• _Problem to solve_
Take the data below and write it out exactly, except for the pictures.

* * * * *

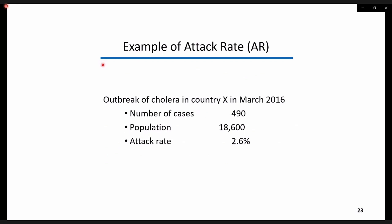Attack rate is a cumulative incidence within an outbreak and is used widely everywhere. Here is an example: during an outbreak of cholera in country X in 2016, among a population of 18,600 individuals, 490 persons got the disease. This resulted in an attack rate of 2.6%.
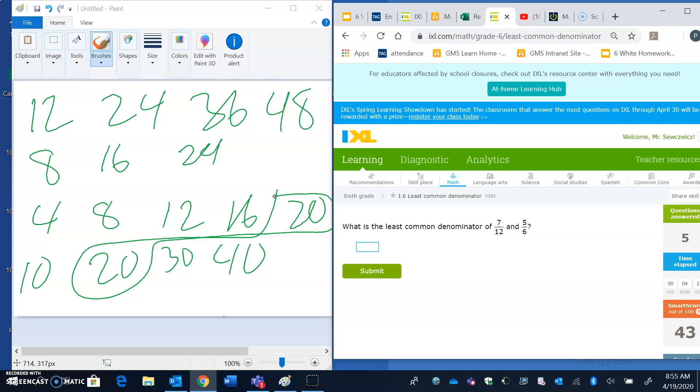And again, you can find your multiplication chart in your math binder or in the land of the internet. If you go ahead and simply type in multiplication chart, you'll get an assortment of them to choose.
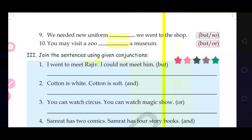Second: cotton is white. Full stop. Cotton is soft. See, this is a repetition of the word 'cotton.' Does it look good? No. So what do we need to avoid this? We will use a conjunction. Cotton is white, cotton is soft — we can say cotton is white and soft. So here it will be: cotton is white and soft.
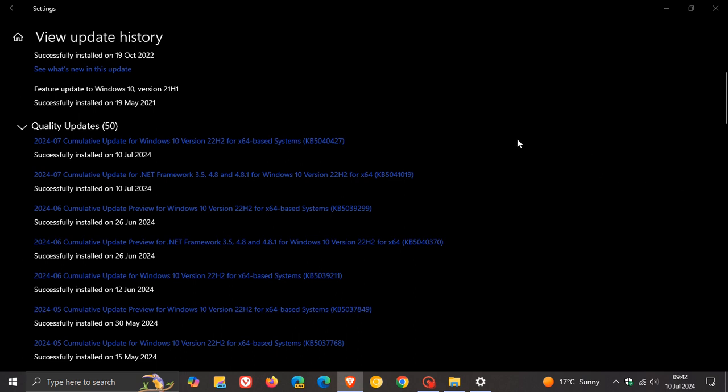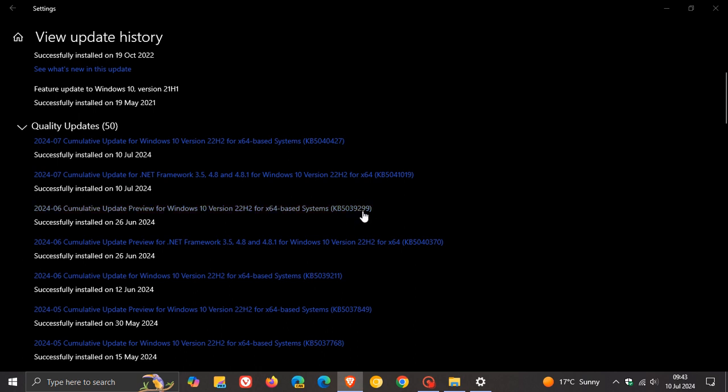So quite an important security update rolling out for the July Patch Tuesday update. Now, as always, the security update includes the quality improvements that were part of this update, KB5039299, which was the optional bug fix C-release update that rolled out in the last week of June last month. So if you didn't install this update, these fixes and improvements will be carried over into this update for July.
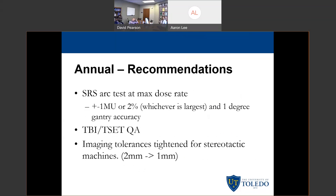They also recommend doing an annual SRS arc test at max dose rate if you are using an SRS machine. For monthly, the current approach is to load a beam with 183-degree gantry rotation and 180 MUs and make sure everything checks out. But for an SRS machine, they say you should do that with both a regular beam and a high dose rate (FFF) beam. The result should be within plus or minus 1 MU or 2%, whichever is largest, and you should observe 1-degree gantry accuracy — measuring gantry position after arc delivery to confirm it arrived where commanded. They also outline tests for total body irradiation and electron therapy, noting that a 1-degree gantry difference is more clinically significant at 5 meters than at isocenter, and they tightened imaging tolerances for stereotactic machines, dropping many from 2 mm to 1 mm for positional accuracy and ISO synthesis.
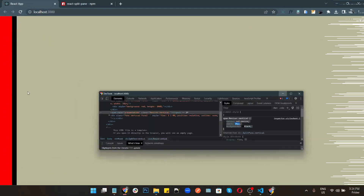Hello everyone, this is Sonu Varma and you are watching CodeEntry. Today I'm going to show how to create a split screen in ReactJS.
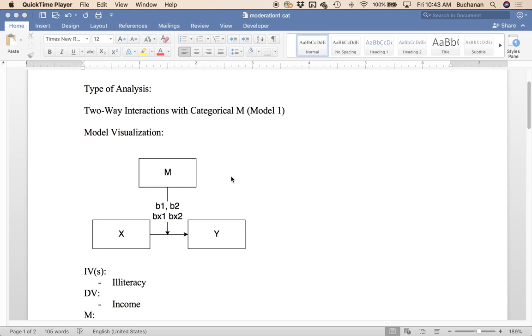Hey everybody, time for part four in our mediation and moderation series with SPSS using process plugin version 3. So today we're going to work on two-way interactions just like last week we did regular moderation with covariates. Today we're going to do interactions with categorical moderators.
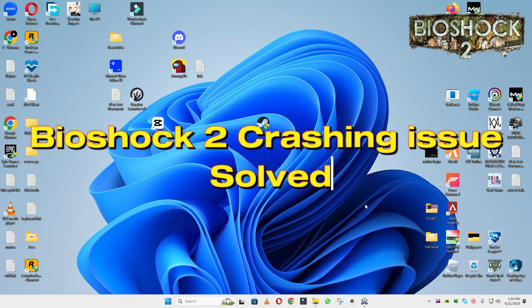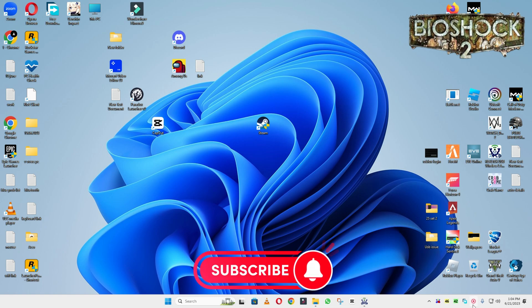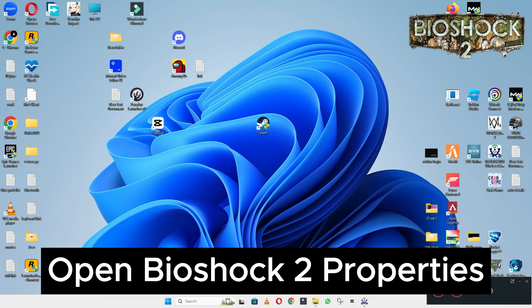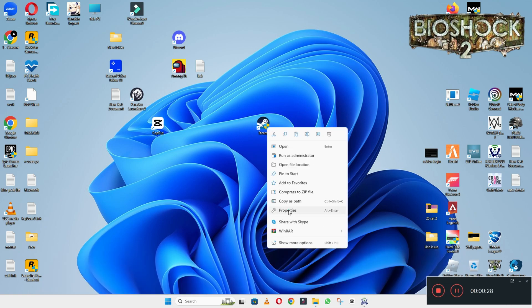Hi everyone, welcome to another video. In this video I will tell you about the BioShock 2 crashing problem. If you're facing the crashing problem in BioShock 2 on Windows 10 and 11 PC, I will tell you how to fix it. I will show you all the steps in this video — you have to follow them and by then you will be able to resolve the problem. If you're new here, don't forget to subscribe to this channel. Now let's watch it.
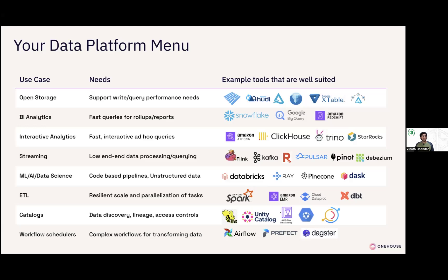For ETL, Spark and cloud Spark platforms do a great job at data transformation in a cost-effective way. For catalogs providing discovery, lineage, and access controls — Hive Metastore is the open source workhorse as an operational catalog. New options like Unity Catalog are coming up, as well as cloud provider managed data catalog offerings. For workflow schedulers, Airflow, Prefect, and Dagster let you write complex workflows for transforming your data.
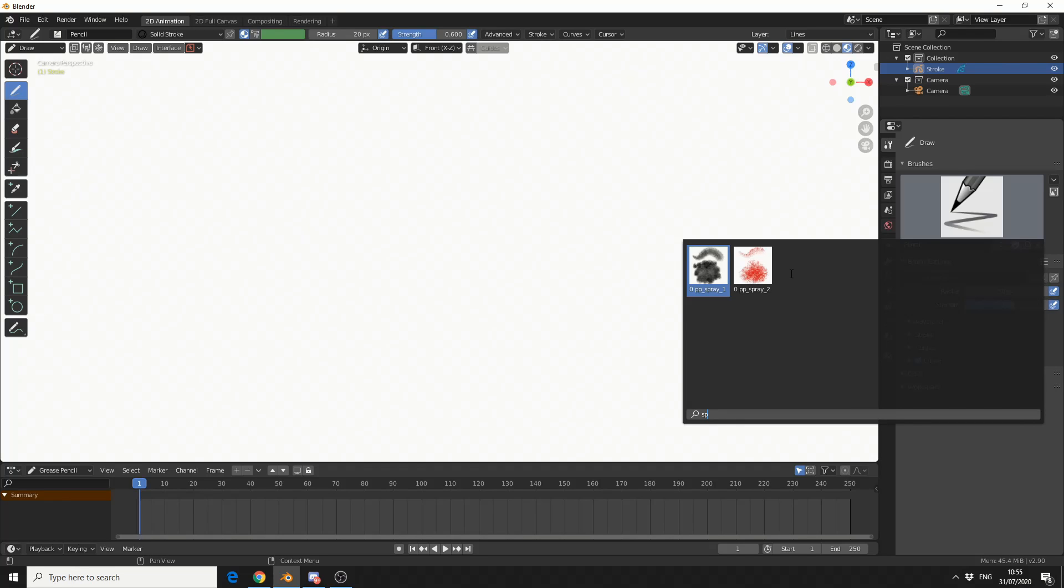Keep in mind, you need to use Blender 2.9 or above. I would imagine 2.91 would probably be a better solution.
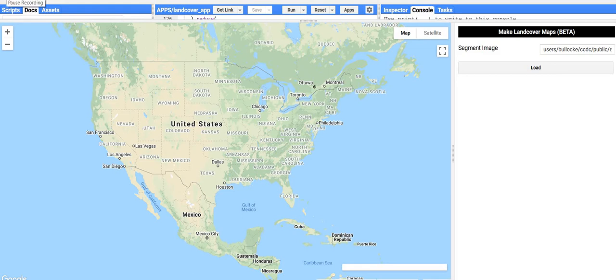Hello, this is the final tutorial for running Continuous Change Detection and Classification, or CCDC, on Google Earth Engine. In this tutorial, I'll be demonstrating the land cover and land cover change application for creating land cover maps at specific dates in addition to maps of change. The link to this application can be found in the video description below. This is part of the OpenMRV suite of tutorials.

* * * * *

• _Exercise response_
Attack rate is a cumulative incidence within an outbreak and is used widely everywhere. Here is an example: during an outbreak of cholera in country X in 2016, among a population of 18,600 individuals, 490 persons got the disease. This resulted in an attack rate of 2.6%.
And again, you can find your multiplication chart in your math binder or in the land of the internet. If you go ahead and simply type in multiplication chart, you'll get an assortment of them to choose.
Second: cotton is white. Full stop. Cotton is soft. See, this is a repetition of the word 'cotton.' Does it look good? No. So what do we need to avoid this? We will use a conjunction. Cotton is white, cotton is soft — we can say cotton is white and soft. So here it will be: cotton is white and soft.
So quite an important security update rolling out for the July Patch Tuesday update. Now, as always, the security update includes the quality improvements that were part of this update, KB5039299, which was the optional bug fix C-release update that rolled out in the last week of June last month. So if you didn't install this update, these fixes and improvements will be carried over into this update for July.
They also recommend doing an annual SRS arc test at max dose rate if you are using an SRS machine. For monthly, the current approach is to load a beam with 183-degree gantry rotation and 180 MUs and make sure everything checks out. But for an SRS machine, they say you should do that with both a regular beam and a high dose rate (FFF) beam. The result should be within plus or minus 1 MU or 2%, whichever is largest, and you should observe 1-degree gantry accuracy — measuring gantry position after arc delivery to confirm it arrived where commanded. They also outline tests for total body irradiation and electron therapy, noting that a 1-degree gantry difference is more clinically significant at 5 meters than at isocenter, and they tightened imaging tolerances for stereotactic machines, dropping many from 2 mm to 1 mm for positional accuracy and ISO synthesis.
Hello everyone, this is Sonu Varma and you are watching CodeEntry. Today I'm going to show how to create a split screen in ReactJS.
Hey everybody, time for part four in our mediation and moderation series with SPSS using process plugin version 3. So today we're going to work on two-way interactions just like last week we did regular moderation with covariates. Today we're going to do interactions with categorical moderators.
Hi everyone, welcome to another video. In this video I will tell you about the BioShock 2 crashing problem. If you're facing the crashing problem in BioShock 2 on Windows 10 and 11 PC, I will tell you how to fix it. I will show you all the steps in this video — you have to follow them and by then you will be able to resolve the problem. If you're new here, don't forget to subscribe to this channel. Now let's watch it.
For ETL, Spark and cloud Spark platforms do a great job at data transformation in a cost-effective way. For catalogs providing discovery, lineage, and access controls — Hive Metastore is the open source workhorse as an operational catalog. New options like Unity Catalog are coming up, as well as cloud provider managed data catalog offerings. For workflow schedulers, Airflow, Prefect, and Dagster let you write complex workflows for transforming your data.
Keep in mind, you need to use Blender 2.9 or above. I would imagine 2.91 would probably be a better solution.
Hello, this is the final tutorial for running Continuous Change Detection and Classification, or CCDC, on Google Earth Engine. In this tutorial, I'll be demonstrating the land cover and land cover change application for creating land cover maps at specific dates in addition to maps of change. The link to this application can be found in the video description below. This is part of the OpenMRV suite of tutorials.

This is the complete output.